Rosalie Désirée Ruffier
Depuis que ce con de Léon avait cassé sa pipe je retrouvais un peu ma mère, non pas qu’elle devint très aimante, elle ne l’avait jamais été, mais je la voyais de nouveau comme avec mes yeux d’enfant.
Faisant la bravache je savais qu’elle avait été très affectée. Je voyais aussi qu’elle se débattait dans des difficultés financières coutumières d’un veuvage sans héritage, alors je lui glissais parfois quelques uns de mes gages.
Nous avions marié le grand frère, lui suivait le schéma classique, enfance avec les parents, domestique dans une ferme puis valet et si tout allait bien grand valet. Économisant ses gages il pouvait prétendre à une installation avec une jeune servante, ou avec une fille de cultivateur, qui voudrait bien donner son héritière à un gars solide et travailleur. Le frère avait fait choix d’une domestique, fille de cultivateur décédé, il y avait mieux comme parti mais elle était belle et ses charmes auraient sûrement fait craquer même un beau monsieur en habits.
Moi en amour j’en étais à me demander si pour la satisfaction de mes sens je ne devais pas accepter de partager la cabane du berger avec d’autres servantes et paysannes. C’était complètement immoral et de plus dangereux. Mais visiblement soit le berger était stérile soit il avait de la chance car aucun ventre ne s’arrondissait dans son entourage.

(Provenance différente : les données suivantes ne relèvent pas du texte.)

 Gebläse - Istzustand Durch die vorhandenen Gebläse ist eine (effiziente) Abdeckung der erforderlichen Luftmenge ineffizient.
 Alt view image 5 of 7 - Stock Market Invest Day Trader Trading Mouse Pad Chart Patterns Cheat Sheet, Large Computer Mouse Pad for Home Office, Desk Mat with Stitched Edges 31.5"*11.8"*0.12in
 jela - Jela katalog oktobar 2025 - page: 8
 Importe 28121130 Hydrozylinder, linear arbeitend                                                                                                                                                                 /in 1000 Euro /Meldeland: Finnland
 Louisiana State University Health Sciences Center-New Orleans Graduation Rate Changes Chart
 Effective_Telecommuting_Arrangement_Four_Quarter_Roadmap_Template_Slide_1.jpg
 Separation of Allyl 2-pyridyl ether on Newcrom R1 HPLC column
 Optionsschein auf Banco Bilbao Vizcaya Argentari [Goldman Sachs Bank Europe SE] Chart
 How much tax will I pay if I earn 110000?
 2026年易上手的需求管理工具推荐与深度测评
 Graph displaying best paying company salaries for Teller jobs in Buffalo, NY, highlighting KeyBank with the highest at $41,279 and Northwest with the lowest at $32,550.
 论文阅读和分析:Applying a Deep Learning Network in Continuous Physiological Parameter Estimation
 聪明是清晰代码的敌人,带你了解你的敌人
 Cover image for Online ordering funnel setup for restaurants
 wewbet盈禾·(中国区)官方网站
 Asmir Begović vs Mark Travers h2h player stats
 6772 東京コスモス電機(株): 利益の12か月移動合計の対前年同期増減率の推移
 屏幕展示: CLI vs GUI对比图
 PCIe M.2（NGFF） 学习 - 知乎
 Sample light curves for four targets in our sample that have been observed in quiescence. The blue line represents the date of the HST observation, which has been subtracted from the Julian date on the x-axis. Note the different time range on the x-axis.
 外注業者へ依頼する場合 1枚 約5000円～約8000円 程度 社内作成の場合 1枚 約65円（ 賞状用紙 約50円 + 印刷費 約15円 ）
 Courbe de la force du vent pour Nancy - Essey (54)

Je me mis à espacer mes visites, puis à abandonner sa couche éminemment jouissive. Je décidais d’attendre le prétendant et de m’amuser le plus possible lors des fêtes villageoises.
A la fête de la saint Jean de 1843 j’ai cru que l’amour avait enfin frappé à ma porte, toute la soirée j’ai dansé, rigolé dans les bras d’un paysan d’Augers dont le père était propriétaire de ses propres terres. Autant vous dire que toutes les dindes du village paradaient et jouaient du croupion, il n’y en avait que pour lui, rendant fou de jalousie les autres hommes du village.
Cela se termina en bagarre entre les villageois des deux bourgs, les coqs de Sancy contre ceux d’Augers. Cela fut plus grave que les autres fois car apparemment des lames furent sorties. Pour ma part comme j’avais fricoté avec un » étranger » toute la soirée, je faillis me faire écharper par deux filles du village sûrement jalouses. On en restait là, car de toutes façons mon galant d’un soir ne cherchait pas une épouse mais cherchait une femme.
Peut être êtais-je marquée du sceau de l’infamie, aucun homme ne me faisait une cour courtoise et honnête. Heureusement que pour le corps mon berger me prenait parfois, cette espèce de sorcier me subjuguait encore et toujours.